# EXERCISE AIM:
Leave the pictures behind and reproduce every line of the listing exactly.

# DATA:
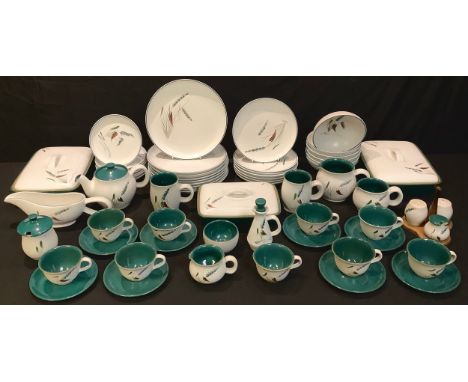 A Denby Green Wheat pattern dinner, oven to table and tea service, designed by Albert Colledge; qty 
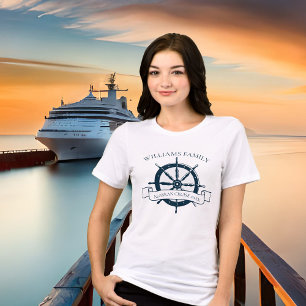 Anpassningsbar Family Cruise Frakt Nautical Wheel T Shirt
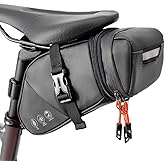Danuosie Bike Seat Bag, Expandable Bicycle Saddle Bag Under Seat, Waterproof Cycling Seat Pack for Mountain Road Bikes and Commuter, 1.5-2L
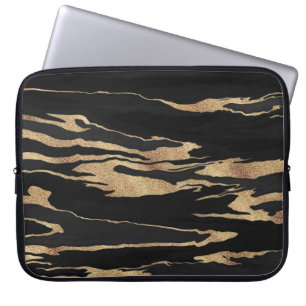 Housse Pour Ordinateur Portable Peinture Abstraite en marbre noir or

# ANSWER BOX:
 A Denby Green Wheat pattern dinner, oven to table and tea service, designed by Albert Colledge; qty 
 Anpassningsbar Family Cruise Frakt Nautical Wheel T Shirt
Danuosie Bike Seat Bag, Expandable Bicycle Saddle Bag Under Seat, Waterproof Cycling Seat Pack for Mountain Road Bikes and Commuter, 1.5-2L
 Housse Pour Ordinateur Portable Peinture Abstraite en marbre noir or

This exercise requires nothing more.